Hospital in Tasmania, Australia

The Launceston General Hospital (LGH) is one of the three main public hospitals in Tasmania, Australia. It is located in Launceston and serves the north of the state. Services provided include Cardiology, Renal, Gastroenterology, Haematology-Oncology, Rehabilitation, General Surgery, Ear/Nose/Throat surgery, Plastic surgery, Orthopaedics, Radiology, Paediatrics and an Intensive Care Unit, Psychiatry:Inpatient Mental Health Unit and Consultation-Liaison.

It is a teaching hospital servicing the University of Tasmania.

==History==
The Diamond Jubilee of Queen Victoria was celebrated throughout the empire in 1897. In Tasmania a public meeting was held to determine how the occasion might be marked.

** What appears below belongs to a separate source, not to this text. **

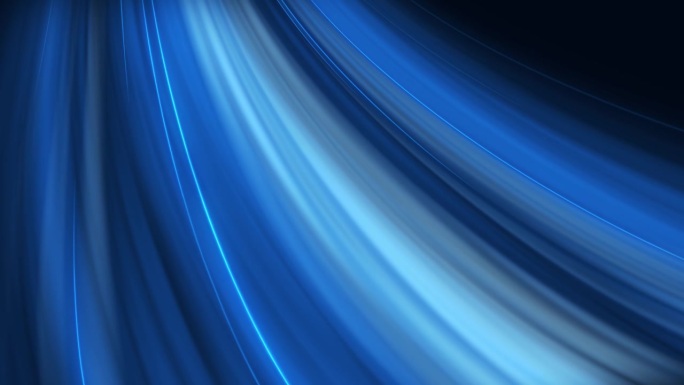 抽象的背景与冷空气流动从蓝光光的效果。蓝色的风吹起一阵阵清新的空气，吹起效果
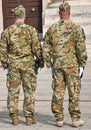 Soldiers standing outdoor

The second wife of the governor of Tasmania, Georgina Jane Connellan, Lady Gormanston suggested that a maternity hospital would be a great addition. At the time the only assistance to pregnant women came from untrained and unregulated midwives. It was agreed and a committee of women manage the new facility that opened on 195 St John Street in September 1897. The Queen Victoria Maternity Hospital moved in 1935 and it was not absorbed into the General Hospital until 1993 as the Queen Victoria Maternity Unit.

==Today==
The statewide Cardiothoracic and major Paediatric surgery service is provided at the Royal Hobart Hospital.

The hospital supports medical research through the Clifford Craig Medical Research Trust.

The Intensive care unit provides medical staff who work with Ambulance Tasmania and the Royal Flying Doctor Service to provide critical care aeromedical retrieval services throughout Tasmania.

The hospital has been allocated $50 million in the 2022–2023 budget as part of a 10-year, $580 million redevelopment plan.

In January 2023, it was revealed that the hospital helipad in Ockerby Gardens didn't meet the Civil Aviation Safety Authority requirements for medical transport after changes published in December 2018 and initially due to come into effect in December 2021. Patients were flown to Launceston Airport instead before being transported by road in an ambulance ride which added 10 minutes. Vice-president of the Tasmanian branch of the Australian Medical Association, Annette Barratt, expressed concern at the stress that the need to transport patients from the airport would place on Ambulance Tasmania.

In February 2023, Tasmanian premier Jeremy Rockliff announced that a new emergency helipad would be built on the top of the existing car park on Cleveland Street. It opened in October 2024.